"""
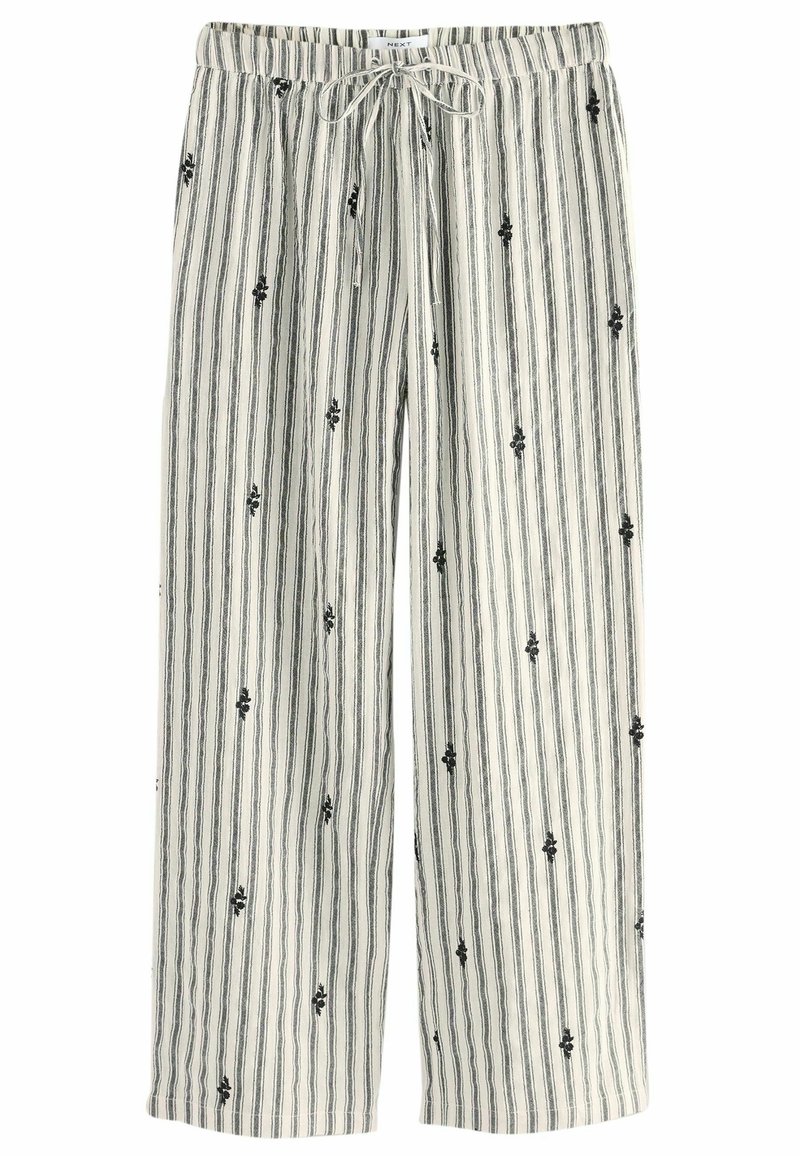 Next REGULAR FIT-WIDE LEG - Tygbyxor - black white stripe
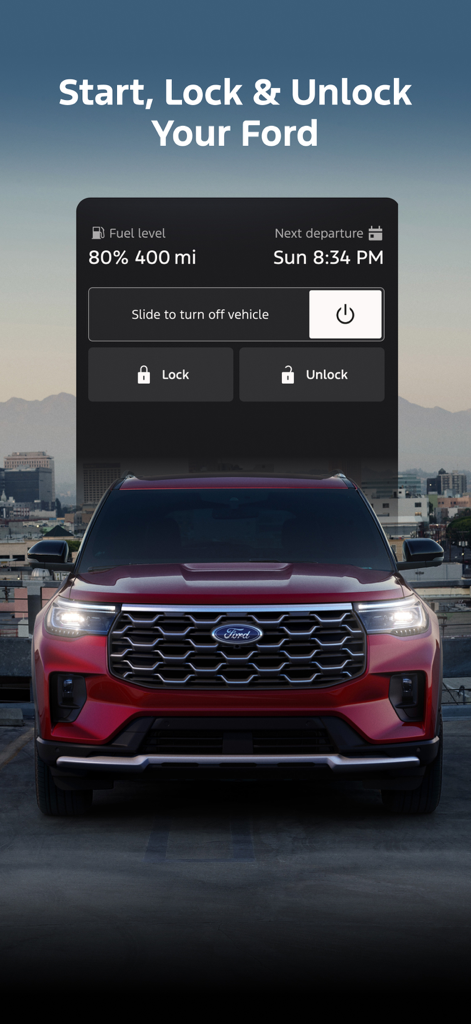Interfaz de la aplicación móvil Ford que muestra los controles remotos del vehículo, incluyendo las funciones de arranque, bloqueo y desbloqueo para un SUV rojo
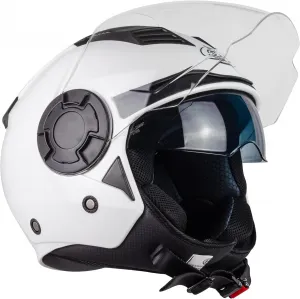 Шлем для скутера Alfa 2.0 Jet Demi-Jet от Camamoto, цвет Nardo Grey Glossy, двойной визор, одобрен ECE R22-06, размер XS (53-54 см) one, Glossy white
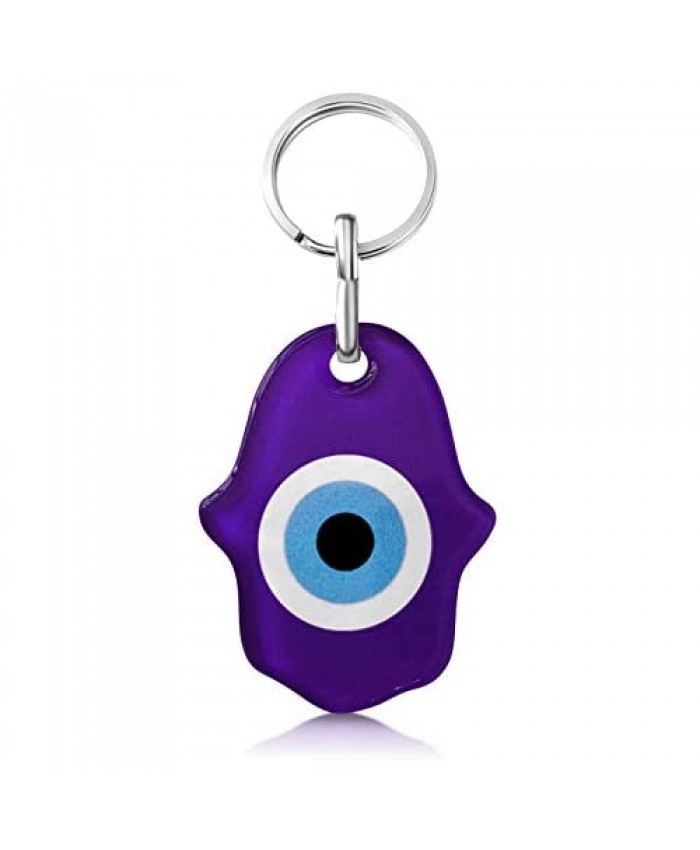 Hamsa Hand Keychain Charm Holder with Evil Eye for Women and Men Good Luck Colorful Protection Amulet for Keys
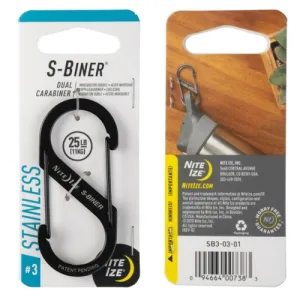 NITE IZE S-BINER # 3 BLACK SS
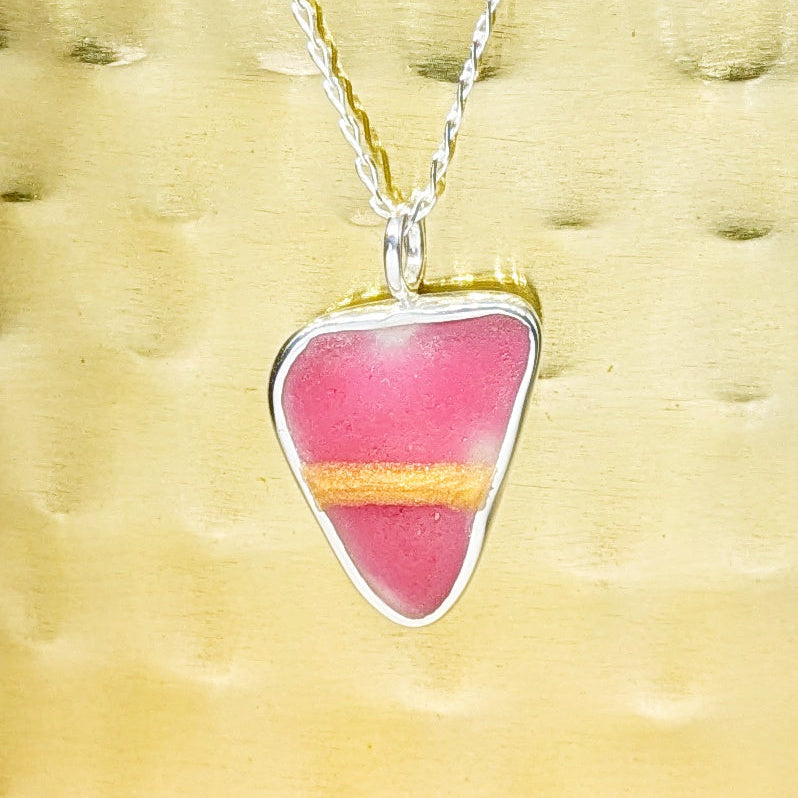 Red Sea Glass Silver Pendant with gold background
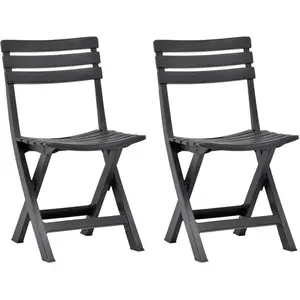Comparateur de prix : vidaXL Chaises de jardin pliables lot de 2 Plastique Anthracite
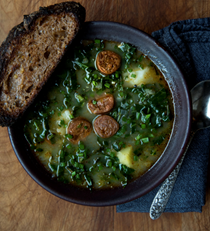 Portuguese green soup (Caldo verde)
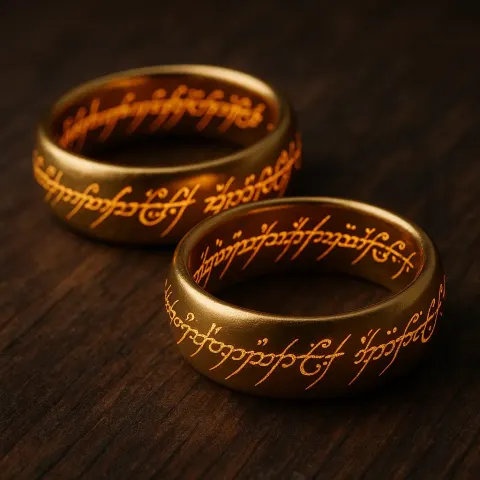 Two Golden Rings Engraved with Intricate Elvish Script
"""
"""
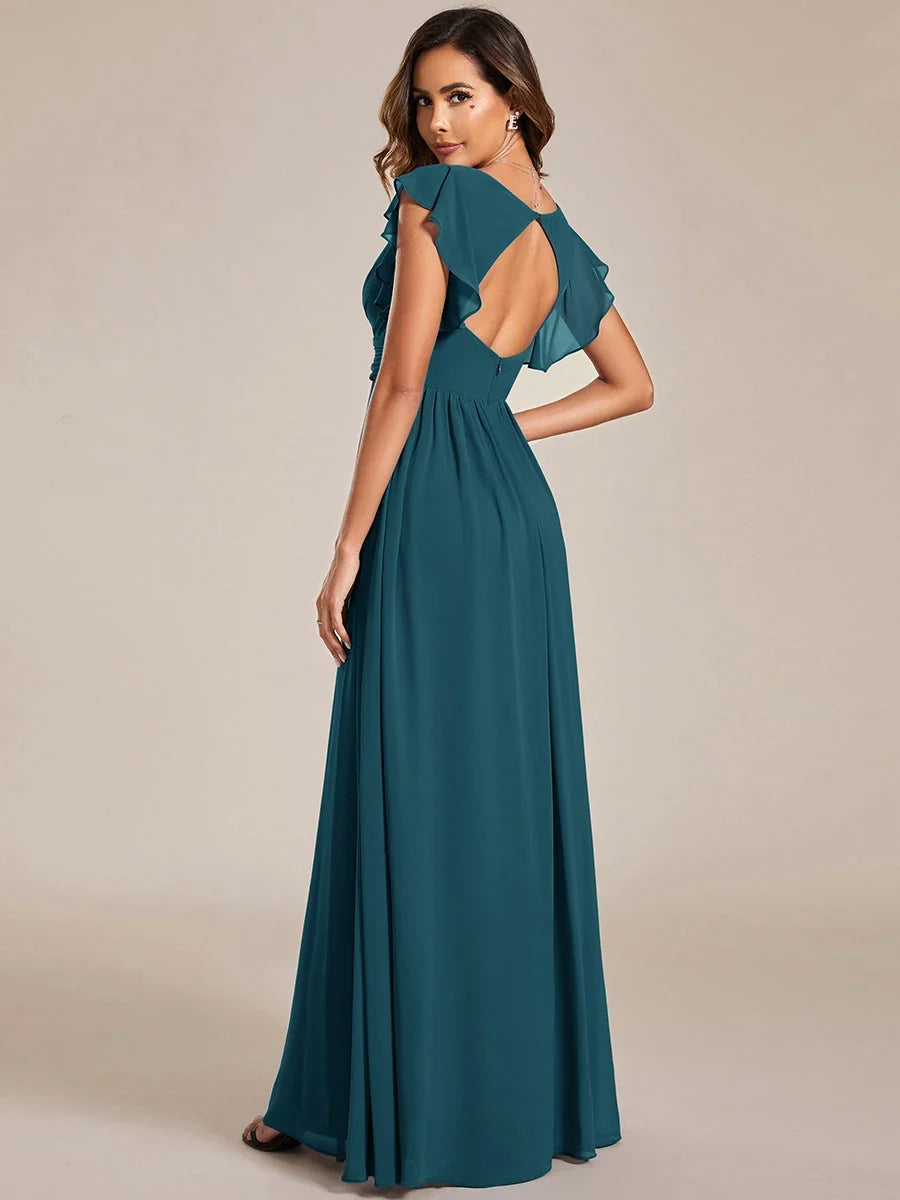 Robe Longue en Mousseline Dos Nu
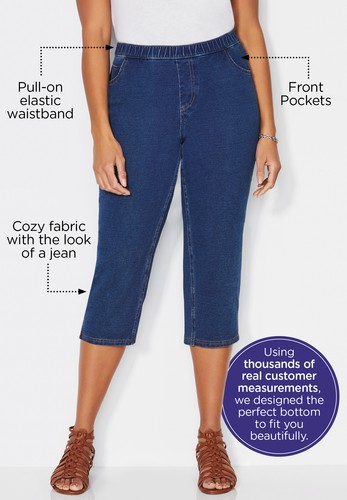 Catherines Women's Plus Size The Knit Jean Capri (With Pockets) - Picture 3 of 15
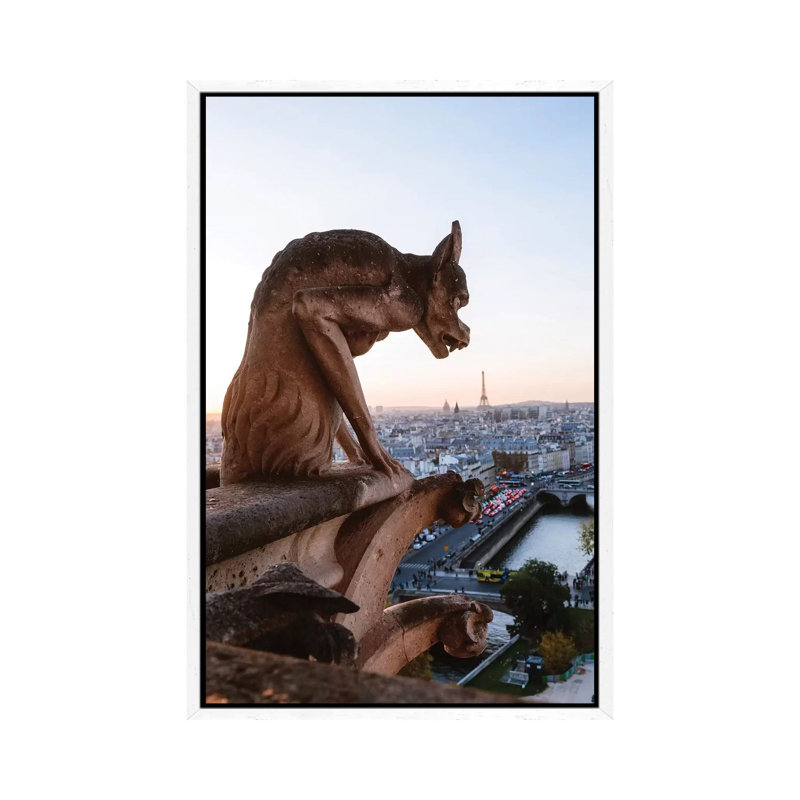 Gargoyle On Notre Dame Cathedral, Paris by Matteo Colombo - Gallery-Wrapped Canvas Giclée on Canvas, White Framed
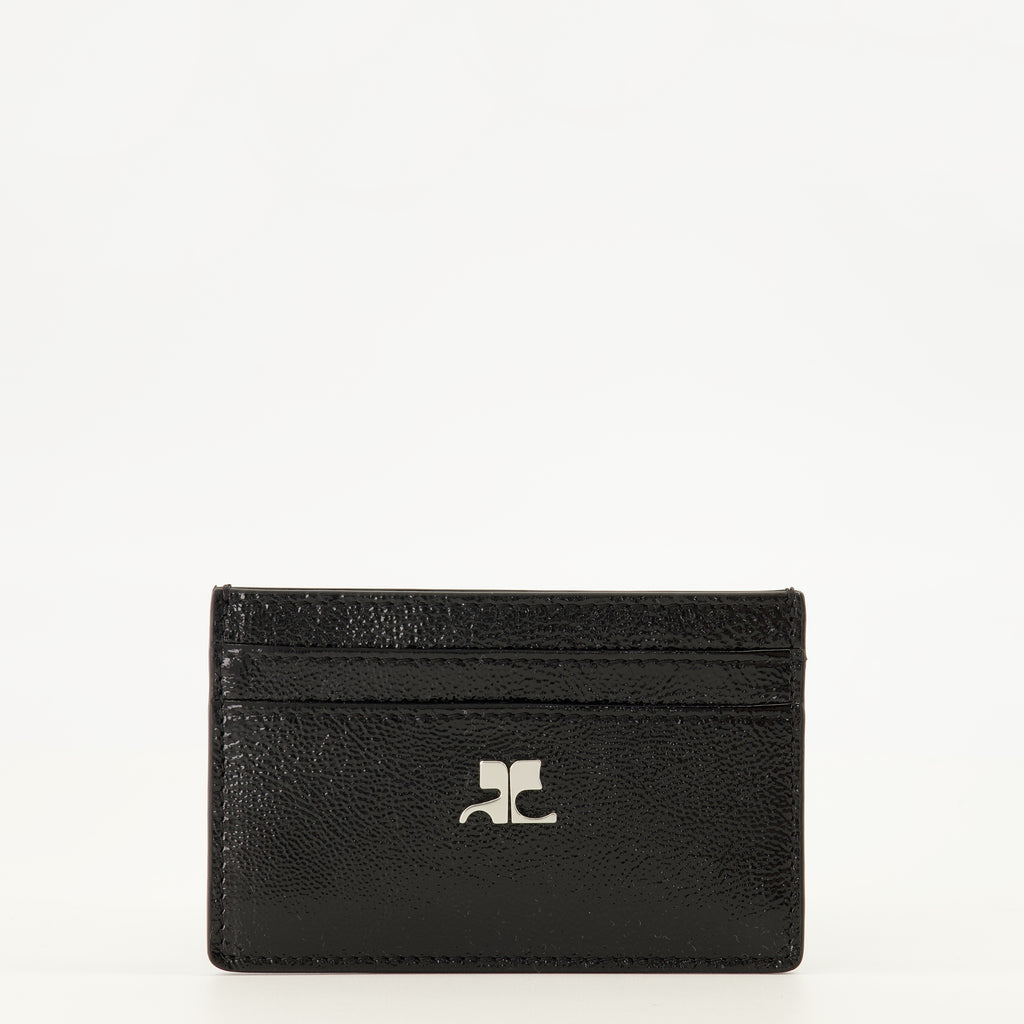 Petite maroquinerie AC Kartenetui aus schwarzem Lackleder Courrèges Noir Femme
"""
• HOW TO COMPLETE THIS TASK:
Print the part of the listing above that opens with the line containing "Next REGULAR FIT-WIDE" and closes with the line containing "Two Golden Rings". Copy it exactly, both ends included, and omit the pictures.

• ANSWER TO THIS PROBLEM:
 Next REGULAR FIT-WIDE LEG - Tygbyxor - black white stripe
Interfaz de la aplicación móvil Ford que muestra los controles remotos del vehículo, incluyendo las funciones de arranque, bloqueo y desbloqueo para un SUV rojo
 Шлем для скутера Alfa 2.0 Jet Demi-Jet от Camamoto, цвет Nardo Grey Glossy, двойной визор, одобрен ECE R22-06, размер XS (53-54 см) one, Glossy white
 Hamsa Hand Keychain Charm Holder with Evil Eye for Women and Men Good Luck Colorful Protection Amulet for Keys
 NITE IZE S-BINER # 3 BLACK SS
 Red Sea Glass Silver Pendant with gold background
Comparateur de prix : vidaXL Chaises de jardin pliables lot de 2 Plastique Anthracite
 Portuguese green soup (Caldo verde)
 Two Golden Rings Engraved with Intricate Elvish Script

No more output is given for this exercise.